Wednesday, July 05, 2006


So I have this friend the neophyte gardener. Two years ago she walked into my back yard, pointed to a lavender plant and said "what's that?" Since then she's bought a house (actually a garden with a house attached), and spent the next two years reading all the gardening books she could get her hands on. She now rivals Hortus Third for gardening information. She happened on to a plant she called Whirling Butterflies which I'd never heard of - turns out to be a gaura. Now, a few years back I'd tried a Siskiyou Pink gaura and in my usual fashion, tried to fit it in where I needed it to grow, rather than where IT needed to grow. Disastrous results as usual. So I never gave another thought to gaura until the aforementioned neophyte kept telling me how impressed she was with her Whirling Butterflies. When I saw it for myself I was hooked. And I happened to have a spot where gaura would like to grow.

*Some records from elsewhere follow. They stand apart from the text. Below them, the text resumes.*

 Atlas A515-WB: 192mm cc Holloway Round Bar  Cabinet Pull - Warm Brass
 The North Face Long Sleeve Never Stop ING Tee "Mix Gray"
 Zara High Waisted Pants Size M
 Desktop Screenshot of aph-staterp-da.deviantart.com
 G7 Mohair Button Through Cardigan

I couldn't find Whirling Butterflies on the day I just had to have it so settled for Geyser White gaura from Lowe's. The flowers DO look like butterflies perched on the end of long wand-like stalks. I know this is so because while putting together a last minute bouquet for a co-worker I added some gaura as an afterthought and the co-worker said, "These flowers look like butterflies!" Well I was pretty darn pleased.

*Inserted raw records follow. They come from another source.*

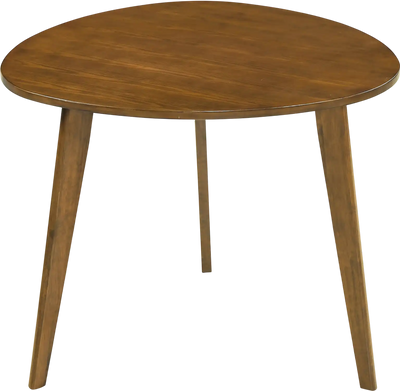 Costway Farmhouse Wooden Round Dining Table for 4 51857417 New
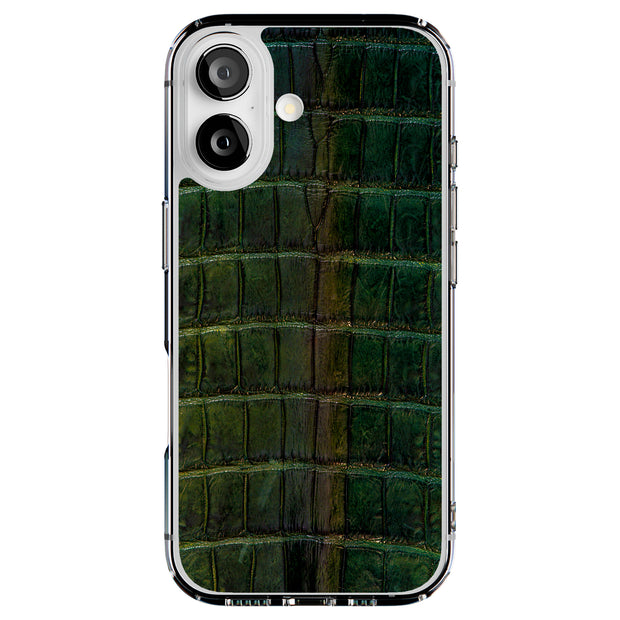 Satin Green Tough Cases For Apple iPhone (17, 16, 15, 14, 13, 12, 11, X, SE, 8, 7/ Air, Plus, Pro, Max, Mini, XR, XS), Print in USA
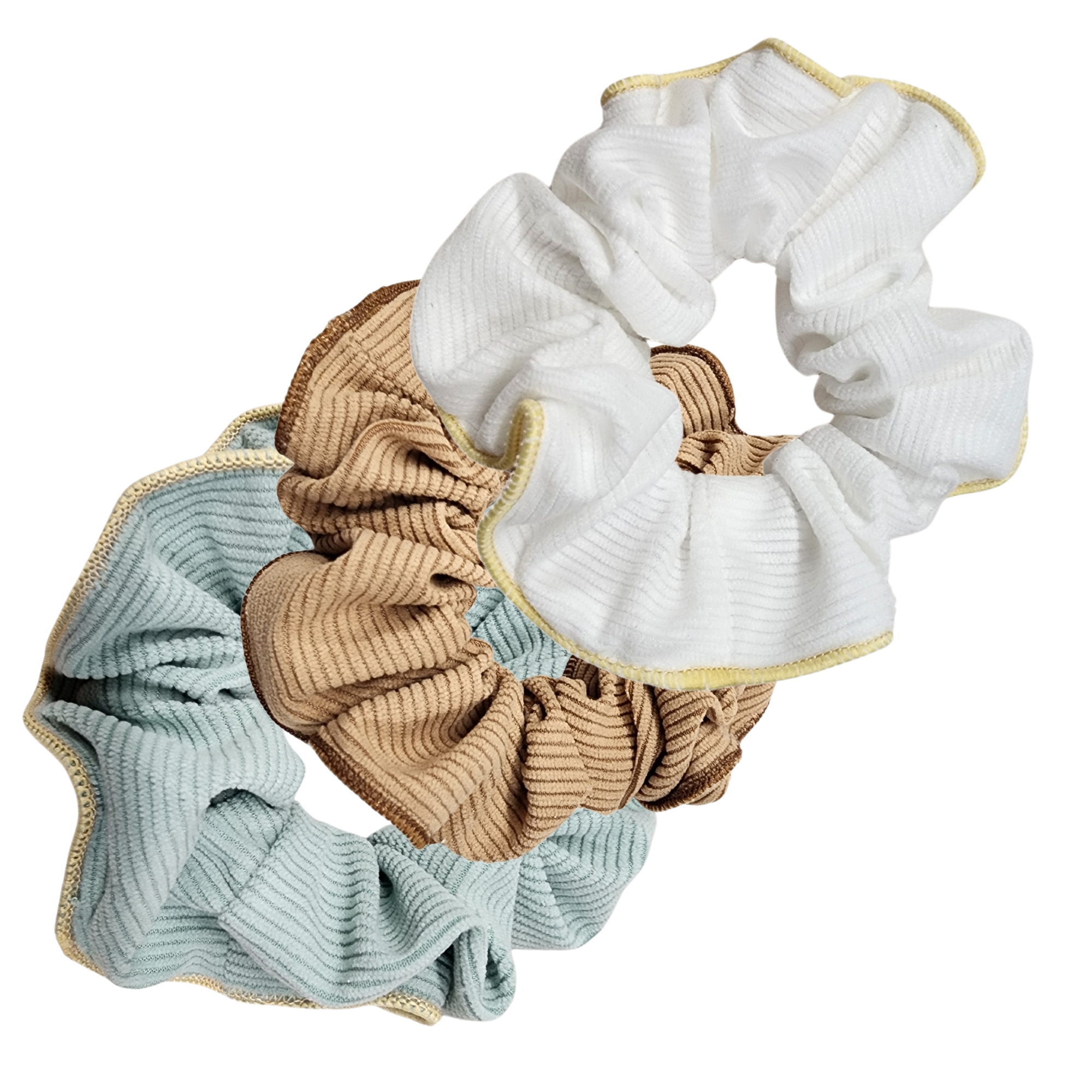 Pink Pewter Harmony Linen Scrunchie Pack #1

Geyser White, despite its name, has a pinkish base to each white flower, and the leaves inexplicably have some purple spotting on them. This is not a new rust disease in my garden, but is common to gaura apparently. Now if I could just spot a butterfly alighting on my butterflies.

Tuesday, July 04, 2006


"The bombs bursting in air...." or rather, the Monarda bursting in the garden on Independence Day. This sure looks like the fireworks I saw the other night. Good thing we went to a Sunday night show since the rain tonight put a damper on a lot of fireworks displays. This is "Marshall's Delight" in its third year in my garden. After languishing on spindly stalks for the past two summers and fighting off powdery mildew, this year the Monarda has reinforced the old adage about perennials and vines, "The first year they sleep, the second year they creep, the third year they leap."

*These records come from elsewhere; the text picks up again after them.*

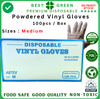 Disposable Vinyl Glove [Medium] | Powdered | 1ctn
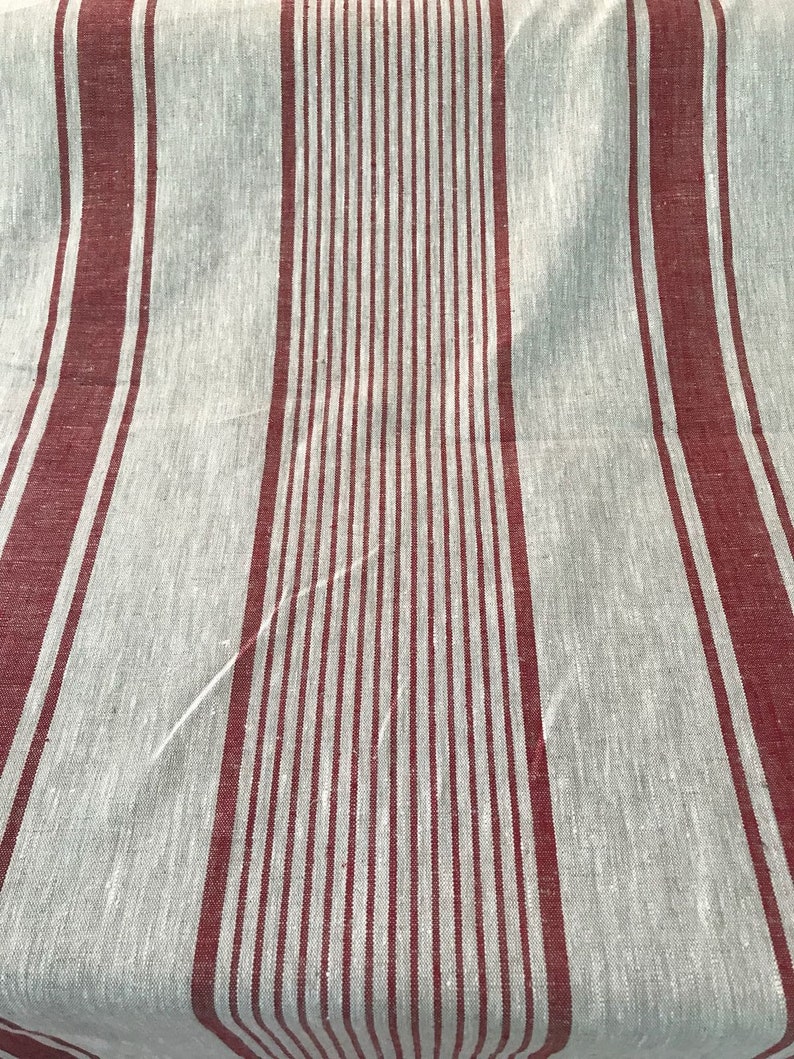 Linen tablecloth, French country rustic table cloth, square tablecloth, oval tablecloth, striped tablecloth, sack linen image 10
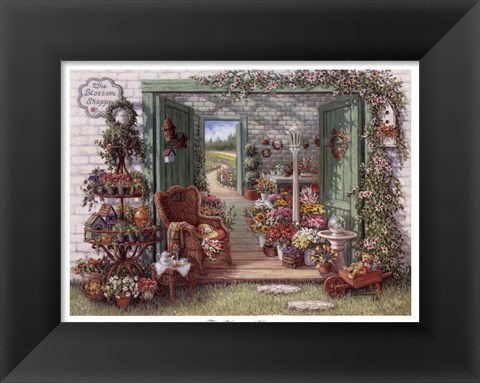 Framed Blossom Shoppe Print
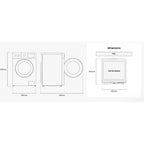 Lave linge compact SAMSUNG WW80FG3M05AW - 8 kg - 1400 tr/min - Classe A - Moteur induction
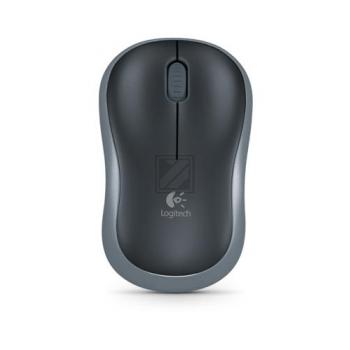Logitech M185 Maus cordless Notebook Mouse USB black/grey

And according to many gardeners they will leap all over the garden given half a chance. These are in an enclosed bed and if they want to crowd out the phlox that have turned a washed-out lavender they're welcome to it. Actually I think the phlox was a washed-out lavender when I received it from a co-worker who was thinning out her flower beds several years ago. That's the trouble with planting something that you can't see in bloom at the garden center, you never know what you're going to get. It was free but I'd rather have beautiful.